- _WHAT TO PRODUCE_: In the material below, find the line with "LG Studio 6.3" and the line with "Gesichtsmassagegerät ÉLEVIA Face". Output exactly those two lines and all lines between them, leaving out pictures.

- _DATA SUPPLIED_:
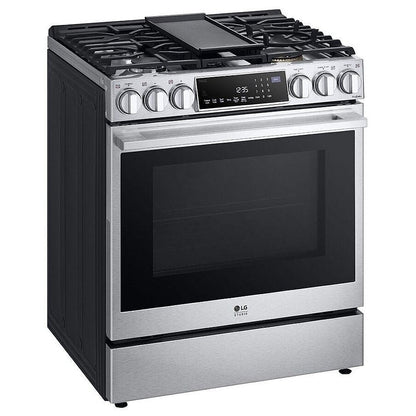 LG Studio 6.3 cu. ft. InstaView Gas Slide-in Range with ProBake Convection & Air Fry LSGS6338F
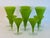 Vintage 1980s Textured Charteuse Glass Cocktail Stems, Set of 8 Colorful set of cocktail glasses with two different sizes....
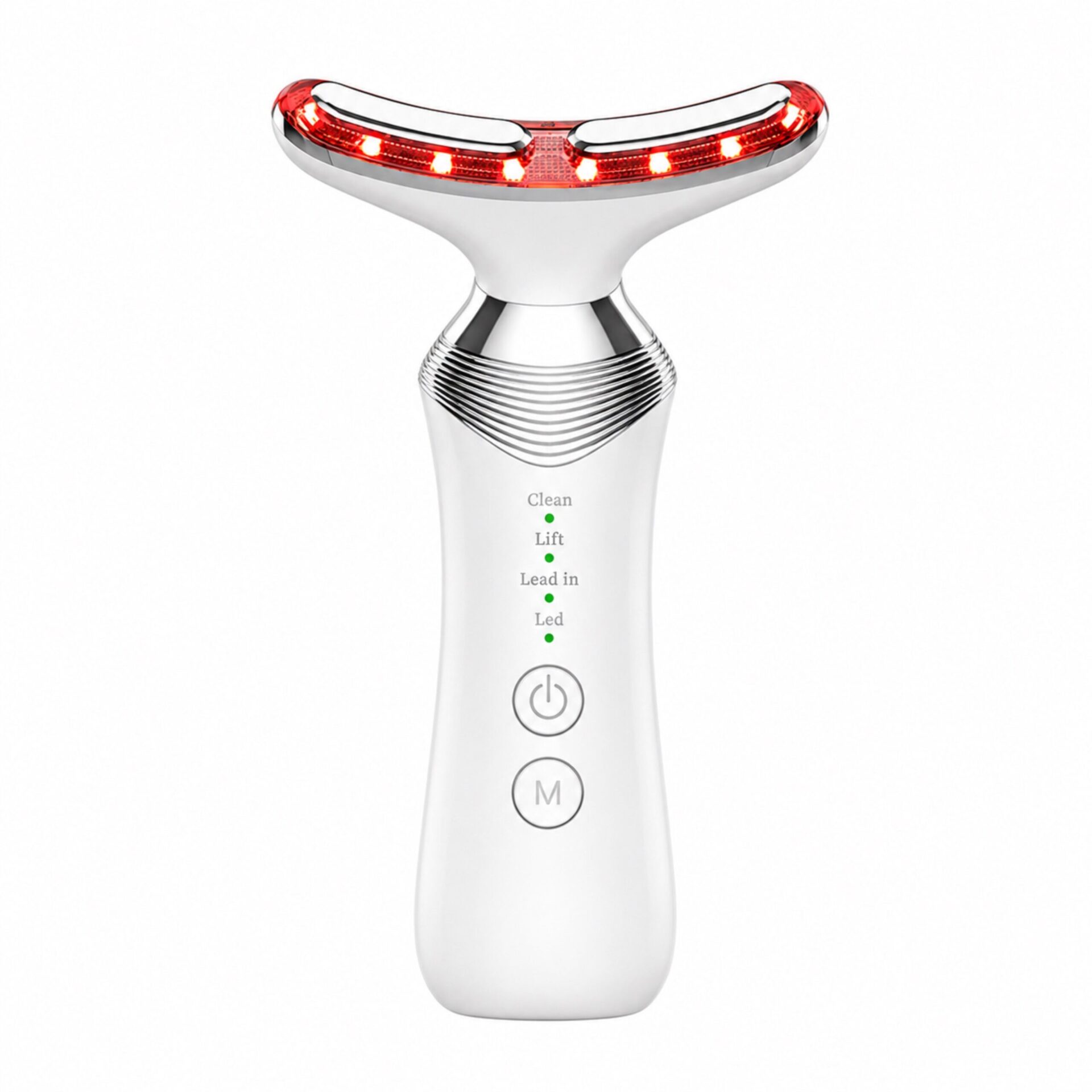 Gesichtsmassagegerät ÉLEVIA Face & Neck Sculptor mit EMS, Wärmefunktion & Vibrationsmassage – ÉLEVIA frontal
...
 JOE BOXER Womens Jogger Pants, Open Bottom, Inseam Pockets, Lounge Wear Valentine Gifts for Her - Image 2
...
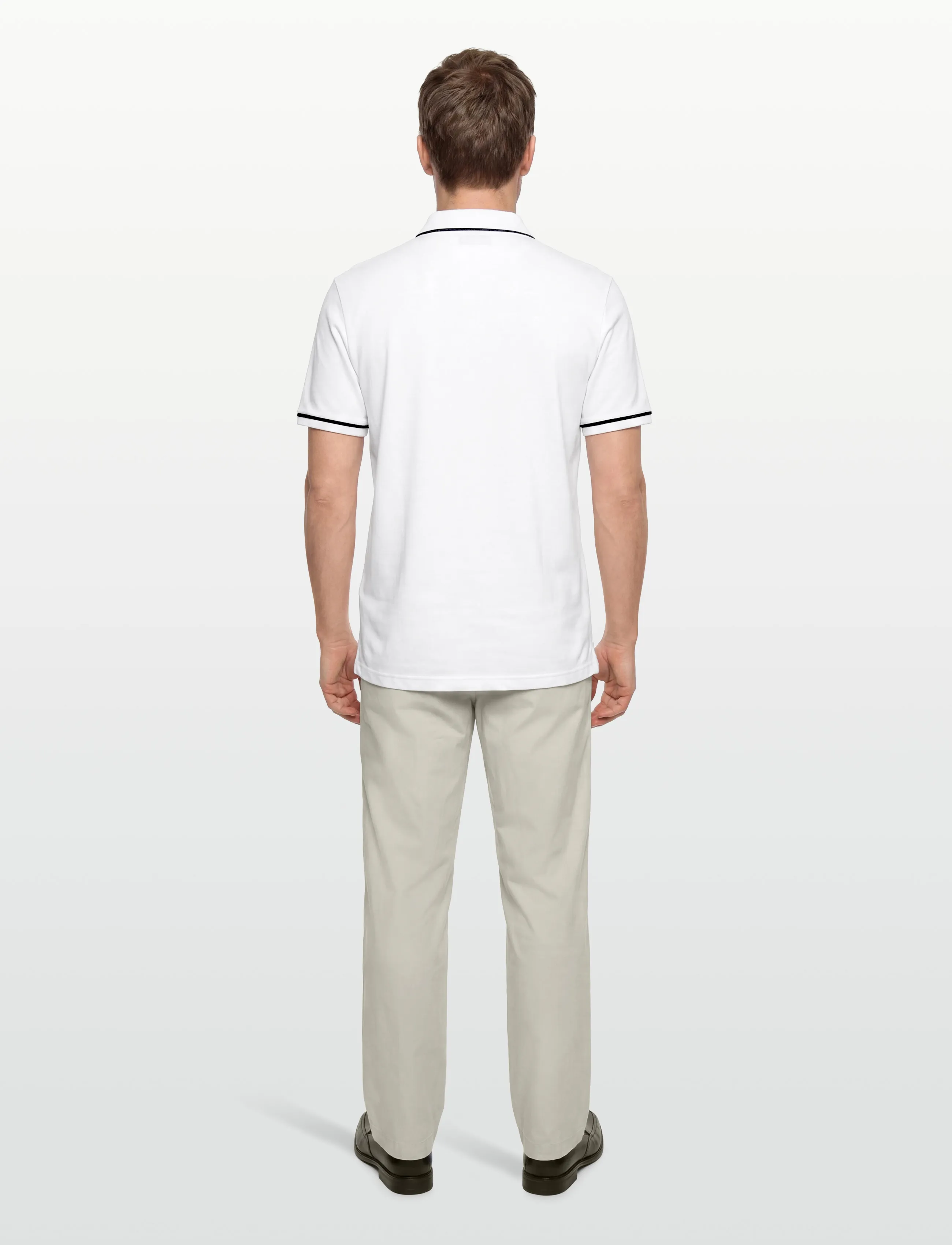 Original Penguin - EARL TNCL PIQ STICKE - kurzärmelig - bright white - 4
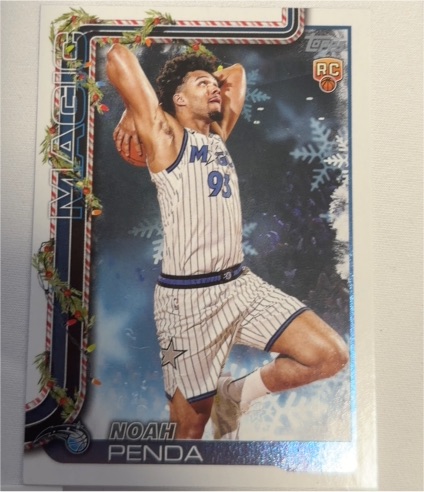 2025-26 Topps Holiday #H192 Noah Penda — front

- _RESPONSE TO THE EXERCISE_:
 LG Studio 6.3 cu. ft. InstaView Gas Slide-in Range with ProBake Convection & Air Fry LSGS6338F
 Vintage 1980s Textured Charteuse Glass Cocktail Stems, Set of 8 Colorful set of cocktail glasses with two different sizes....
 Gesichtsmassagegerät ÉLEVIA Face & Neck Sculptor mit EMS, Wärmefunktion & Vibrationsmassage – ÉLEVIA frontal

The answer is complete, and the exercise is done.